CodeGen is an AI (LLM) from Salesforce that can generate source code, as well as describe what a piece of code does. It comes under the Apache license and has a good performance while being lightweight enough to run on a laptop for both inference and fine tuning. Here is how to set it up and how to use it.
Installation with HuggingFace
This blog post provides instructions on how to use the Codegen LLM via the Hugging Face Transformers library. It assumes you have a development environment set up and are familiar with Hugging Face.
You’ll need to install the `transformers` and `torch` libraries:
pip install transformers torch
If you intend to use a GPU, ensure you have the correct CUDA drivers and PyTorch/TensorFlow builds for GPU support.
Model Loading
Codegen models are typically available on the Hugging Face Model Hub. You can load a model and its tokenizer using the following code:
from transformers import AutoTokenizer, AutoModelForCausalLM # Or AutoModelForSeq2SeqLM for sequence-to-sequence models
model_name = "Salesforce/codegen-350M-mono"
tokenizer = AutoTokenizer.from_pretrained(model_name)
model = AutoModelForCausalLM.from_pretrained(model_name) # Or AutoModelForSeq2SeqLM
# For GPU usage (recommended):
device = "cuda" if torch.cuda.is_available() else "cpu"
model.to(device)
Replace "Salesforce/codegen-350M-mono" with the specific Codegen model name you intend to use. Check the Hugging Face Model Hub for available models.
Code Generation
Here’s how to generate code using the loaded model:
prompt = "Write a Python function to calculate the factorial of a number."

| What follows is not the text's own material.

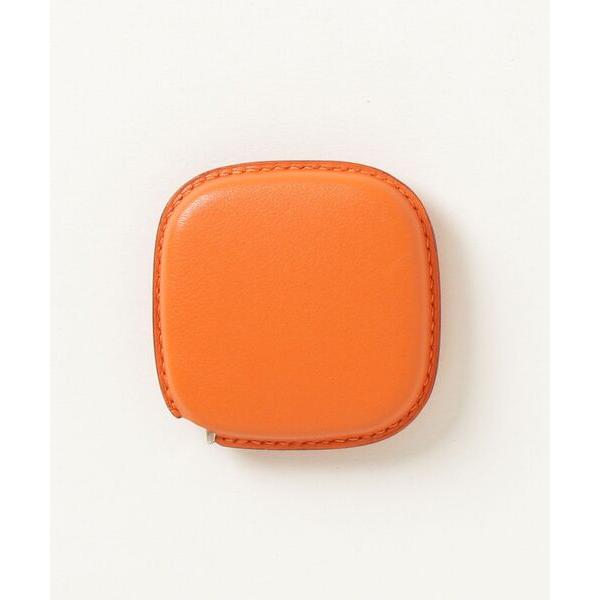 「HERMES」 メートル リュバン メジャー - オレンジ レディース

input_ids = tokenizer(prompt, return_tensors="pt").input_ids.to(device) # Move input to device
outputs = model.generate(input_ids,
max_length=200, # Adjust as needed
num_beams=5, # Adjust for quality/speed trade-off
temperature=0.7, # Adjust for creativity (higher = more creative)
top_k=40, # Adjust for sampling
top_p=0.95, # Adjust for sampling
pad_token_id=tokenizer.eos_token_id # Important for some models
)
generated_code = tokenizer.decode(outputs[0], skip_special_tokens=True)
print(generated_code)
# Example with infilling (code completion):
prompt = "def my_function(x):\n # TODO: Calculate the square of x\n return"

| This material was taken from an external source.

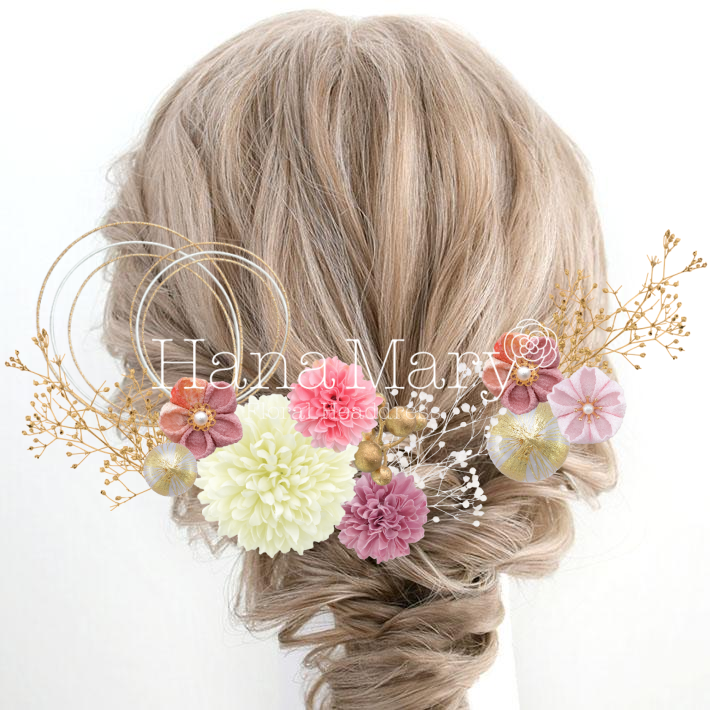 ピンクホワイト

input_ids = tokenizer(prompt, return_tensors="pt").input_ids.to(device)
outputs = model.generate(input_ids, max_length=100, num_beams=5, pad_token_id=tokenizer.eos_token_id)
generated_code = tokenizer.decode(outputs[0], skip_special_tokens=True)
print(generated_code)
Considerations
Model Selection: Different Codegen models have different strengths. Choose the one that best suits your needs.
Prompt Engineering: Clear and specific prompts are essential for good results.
Parameter Tuning: Experiment with the generation parameters to find the optimal settings for your use case.
Resource Management: Large language models can be resource-intensive. Consider using a GPU if available.
Output Validation: The generated code should be reviewed and tested carefully. It might require debugging.